Records supplied
___
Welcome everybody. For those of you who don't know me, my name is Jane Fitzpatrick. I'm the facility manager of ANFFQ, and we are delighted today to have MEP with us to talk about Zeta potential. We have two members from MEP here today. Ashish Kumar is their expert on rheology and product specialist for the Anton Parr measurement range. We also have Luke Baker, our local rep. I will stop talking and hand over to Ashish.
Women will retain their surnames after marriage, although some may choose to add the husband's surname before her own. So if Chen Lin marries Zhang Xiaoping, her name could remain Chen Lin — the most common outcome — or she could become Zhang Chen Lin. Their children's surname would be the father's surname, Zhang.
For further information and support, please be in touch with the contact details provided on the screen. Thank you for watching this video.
___
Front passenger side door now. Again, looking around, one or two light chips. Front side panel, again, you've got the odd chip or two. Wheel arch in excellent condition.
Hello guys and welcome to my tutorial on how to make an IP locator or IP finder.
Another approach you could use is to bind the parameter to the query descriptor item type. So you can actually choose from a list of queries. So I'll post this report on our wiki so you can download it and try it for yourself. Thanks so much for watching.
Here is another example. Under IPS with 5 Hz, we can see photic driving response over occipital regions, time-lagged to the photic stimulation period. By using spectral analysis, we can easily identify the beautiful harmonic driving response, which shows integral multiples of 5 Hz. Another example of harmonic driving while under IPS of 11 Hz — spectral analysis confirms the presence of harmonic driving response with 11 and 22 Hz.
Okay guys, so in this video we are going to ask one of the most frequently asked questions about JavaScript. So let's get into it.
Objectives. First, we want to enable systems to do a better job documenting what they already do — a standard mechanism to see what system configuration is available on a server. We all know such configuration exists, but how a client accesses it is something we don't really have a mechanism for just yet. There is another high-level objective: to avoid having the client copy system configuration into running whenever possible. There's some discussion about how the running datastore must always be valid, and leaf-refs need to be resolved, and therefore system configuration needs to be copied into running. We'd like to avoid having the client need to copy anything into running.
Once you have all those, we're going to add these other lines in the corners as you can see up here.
___
Assigned task
Return only the part of the records above that opens with the line containing "Women will retain" and closes with the line containing "For further information", ends included.

Solved exercise
Women will retain their surnames after marriage, although some may choose to add the husband's surname before her own. So if Chen Lin marries Zhang Xiaoping, her name could remain Chen Lin — the most common outcome — or she could become Zhang Chen Lin. Their children's surname would be the father's surname, Zhang.
For further information and support, please be in touch with the contact details provided on the screen. Thank you for watching this video.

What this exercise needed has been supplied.